Set down each line of the records once more, precisely, and omit the pictures.
======== Records for processing ========
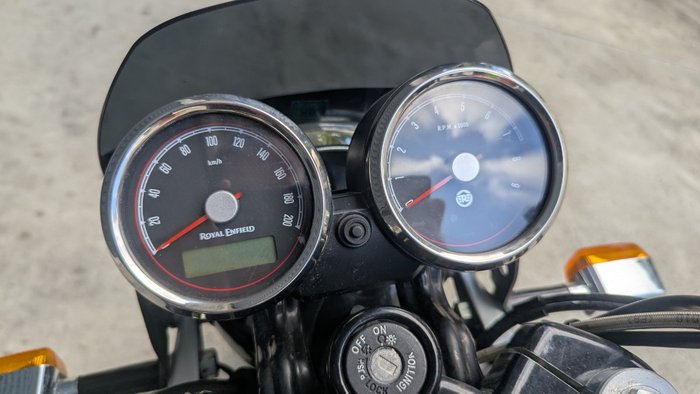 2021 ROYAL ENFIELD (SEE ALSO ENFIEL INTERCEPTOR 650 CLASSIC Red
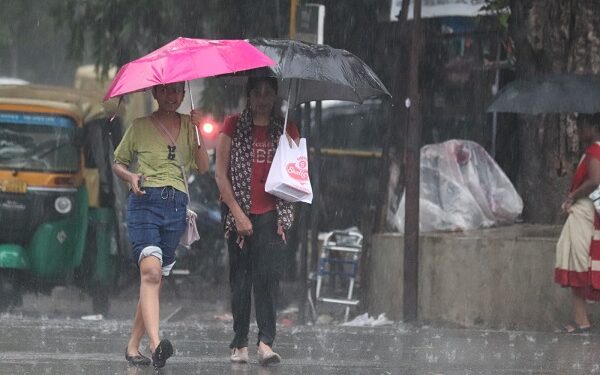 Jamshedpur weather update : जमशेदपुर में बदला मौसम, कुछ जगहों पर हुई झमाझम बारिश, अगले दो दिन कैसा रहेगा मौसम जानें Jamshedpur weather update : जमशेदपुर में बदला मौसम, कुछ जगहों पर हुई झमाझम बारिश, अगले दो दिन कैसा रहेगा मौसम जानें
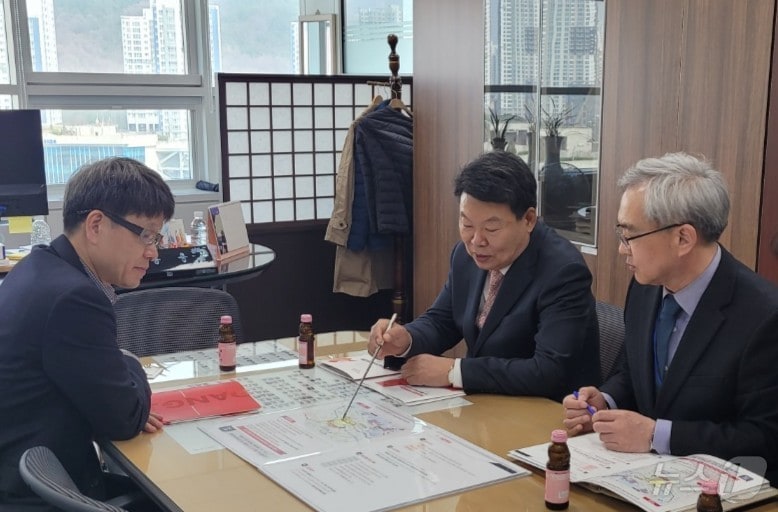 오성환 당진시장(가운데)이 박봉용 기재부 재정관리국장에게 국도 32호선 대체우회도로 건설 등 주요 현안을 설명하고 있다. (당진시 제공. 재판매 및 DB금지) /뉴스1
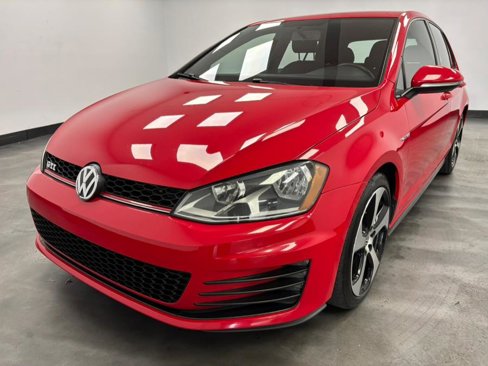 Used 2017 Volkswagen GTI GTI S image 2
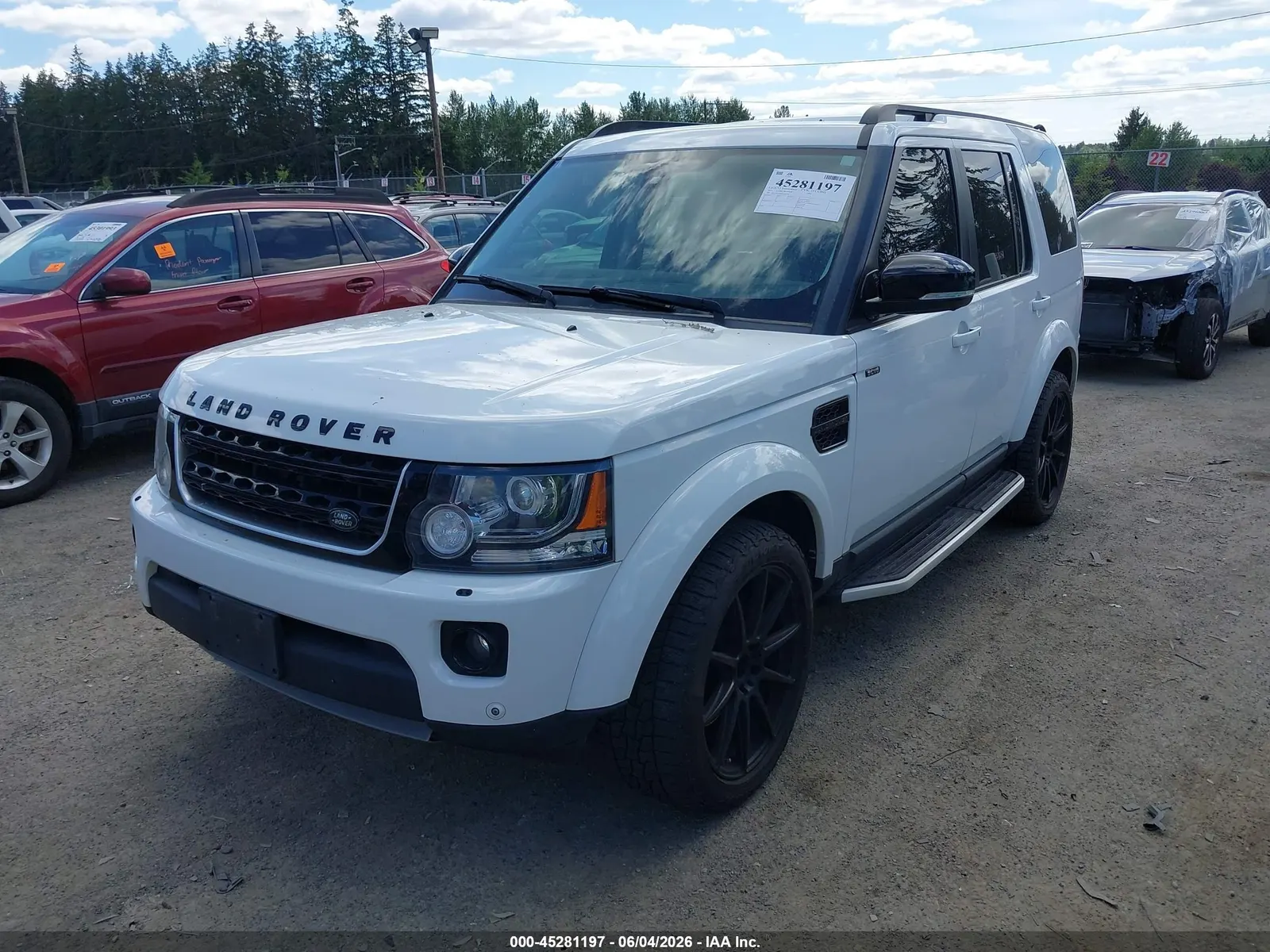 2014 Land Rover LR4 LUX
========
→ **Answer box**:
 2021 ROYAL ENFIELD (SEE ALSO ENFIEL INTERCEPTOR 650 CLASSIC Red
 Jamshedpur weather update : जमशेदपुर में बदला मौसम, कुछ जगहों पर हुई झमाझम बारिश, अगले दो दिन कैसा रहेगा मौसम जानें Jamshedpur weather update : जमशेदपुर में बदला मौसम, कुछ जगहों पर हुई झमाझम बारिश, अगले दो दिन कैसा रहेगा मौसम जानें
 오성환 당진시장(가운데)이 박봉용 기재부 재정관리국장에게 국도 32호선 대체우회도로 건설 등 주요 현안을 설명하고 있다. (당진시 제공. 재판매 및 DB금지) /뉴스1
 Used 2017 Volkswagen GTI GTI S image 2
 2014 Land Rover LR4 LUX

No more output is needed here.